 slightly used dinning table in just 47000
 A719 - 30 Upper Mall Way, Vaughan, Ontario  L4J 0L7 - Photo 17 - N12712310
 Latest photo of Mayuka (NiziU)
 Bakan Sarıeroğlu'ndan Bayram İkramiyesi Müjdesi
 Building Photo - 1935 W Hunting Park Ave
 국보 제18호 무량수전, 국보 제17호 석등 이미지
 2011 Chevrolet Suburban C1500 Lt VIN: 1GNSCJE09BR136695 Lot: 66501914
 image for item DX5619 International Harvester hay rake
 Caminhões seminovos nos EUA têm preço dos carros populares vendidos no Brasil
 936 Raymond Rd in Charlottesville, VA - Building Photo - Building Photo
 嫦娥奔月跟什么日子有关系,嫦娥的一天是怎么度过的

---*---

▶ TASK: The whole of the material above needs to be copied exactly.

▶ EXERCISE RESPONSE:
 slightly used dinning table in just 47000
 A719 - 30 Upper Mall Way, Vaughan, Ontario  L4J 0L7 - Photo 17 - N12712310
 Latest photo of Mayuka (NiziU)
 Bakan Sarıeroğlu'ndan Bayram İkramiyesi Müjdesi
 Building Photo - 1935 W Hunting Park Ave
 국보 제18호 무량수전, 국보 제17호 석등 이미지
 2011 Chevrolet Suburban C1500 Lt VIN: 1GNSCJE09BR136695 Lot: 66501914
 image for item DX5619 International Harvester hay rake
 Caminhões seminovos nos EUA têm preço dos carros populares vendidos no Brasil
 936 Raymond Rd in Charlottesville, VA - Building Photo - Building Photo
 嫦娥奔月跟什么日子有关系,嫦娥的一天是怎么度过的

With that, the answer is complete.